第八章「静寂に舞う」
雨はまだ、静かに降っていた。
囲炉裏の火は少し落ち着きを取り戻し、空間にゆったりとした余白を作っていた。
官兵衛と昌幸が去った後、火の間には再び静寂が戻ってきた。
残ったのは、利休、空海、そして清少納言。
それぞれが思考を宿したまま、言葉を選びあぐねるような沈黙だった。
「……賢しらな男たちね、あのふたりは」
沈黙を破ったのは、清少納言だった。
茶碗を手に取りながら、半ば呆れたように呟く。
「策だの、理だの……挙げ句、春雨の音すらかき消すような声で、己の器をひけらかして」
「……策もまた、芸でございますからな」
利休がぽつりと応じる。
「芸? あれが?」
「“かたち”を作るという点においては、通ずるものがあるでしょう。完成ではなく、完成に至る“構え”を練ること……」
「ふぅん……」
納言は、器の縁を指でなぞりながら、やや不満げに眉を寄せた。
「結局、皆“かたち”に逃げるのね。美しさなんて、結局は中身よ。どれだけ言葉を削ぎ落としても、最後は――」
「……あの、失礼……雨宿りをさせていただけないでしょうか」
声が割って入った。
納言の目がすっと吊り上がる。
「……ええと、いま、話の途中だったのだけれど?」
戸口に立っていたのは、ひとりの男だった。
肩から濡れた布を下げ、傘も差さず、浅葱色の羽織に雨を滲ませたその姿には、どこか気配を消した者の佇まいがあった。
だが、声を発したその“間”には、舞の一歩目に似た、緊張と覚悟が滲んでいた。
「申し訳ありません……。雨音の向こうに人の声が聞こえて……つい、足が向いてしまって……」
世阿弥は深く頭を下げた。声は低く丁寧だったが、その目は、どこか怯えた小動物のように清少納言を避けていた。
納言は、唇を軽く噛む。
「なんなの、今日という日は。男たちは皆、人の言葉を遮るのが趣味なのかしら」
空海が苦笑し、利休が静かに戸口へと歩み寄った。
「どうぞ。火も、雨を嫌う方には優しゅうございます」
「……ありがとうございます」
世阿弥は頭を下げ、戸を静かに閉めてから囲炉裏の端へと腰を下ろした。
その所作に、思わぬ柔らかさがあった。
「お名前は?」
納言が、やや険のある声音で訊ねる。
「……ただの、芸に携わる者です」
「芸? 貴方が?」
問い返すその口調には、まだわずかに苛立ちが残っていた。
だが、彼女の目はすでに観察者のそれに変わりつつあった。
世阿弥は頷いた。
「舞を……。
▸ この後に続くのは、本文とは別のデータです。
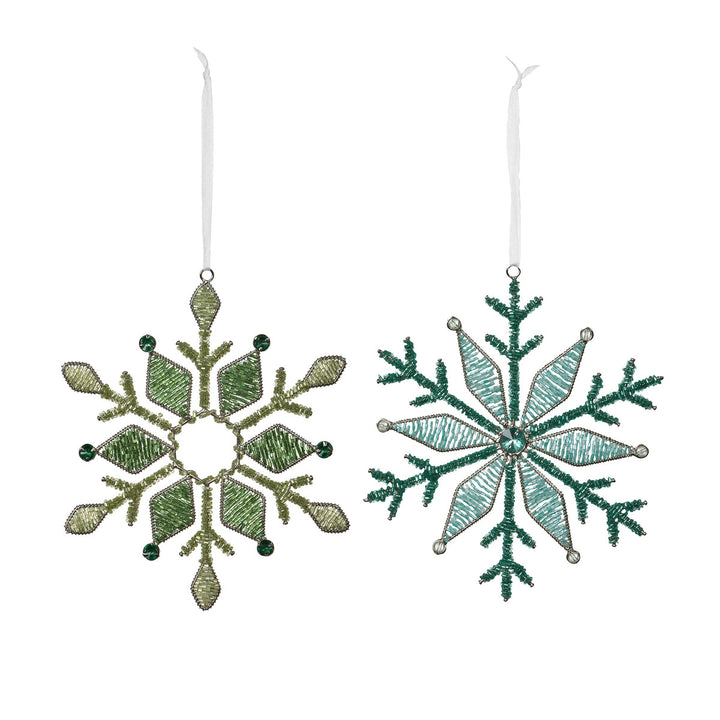 Whimsical Glass Beaded Kaleidoscope Snowflake Ornaments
舞台の“かたち”を生きることで、己を削ってまいりました」
「へぇ。面白いわね」
納言の目が細まる。その口元には、興味と皮肉が同時に浮かんでいた。
「では訊くけれど、“舞”ってなに?」
唐突で、鋭い問いだった。
世阿弥の肩が一瞬、ぴくりと動いた。だが、答えはぶれなかった。
「……心を、かたちに宿すものです」
「ふぅん。私からすれば、心を言葉にした方がずっと早いけれど」
「言葉は……流れます。残るのは、受け取る者の解釈だけ。
舞は……かたちで残る。意図を沈め、形で語りかけるものです」
「かたちだけを残す? 傲慢ね。観る人間に、全部投げるってことじゃない」
「……はい。信じて、投げるしかできません」
世阿弥は、少しだけ声を落とした。だが、その目には揺るぎがなかった。
清少納言は、そのまなざしをしばらく見つめていた。
やがて、ふっと笑う。
「……なるほど。貴方、思っていたより根が強い」
「いえ……ただ、舞台に立つということが、それしか許してくれないのです」
「……面白い。舞と詞、どちらが人の心に残るのか、試してみたくなるわね」
囲炉裏の火が、音もなく燃えた。
空海は目を閉じたまま、微かに口角を上げていた。
利休は、静かに湯を注いだ。
雨はまだ、続いていた。
だがその音は、不思議と静かに聞こえた。
芸が火を囲む夜。
沈黙と声が、ひとつの舞台の上で交わろうとしていた。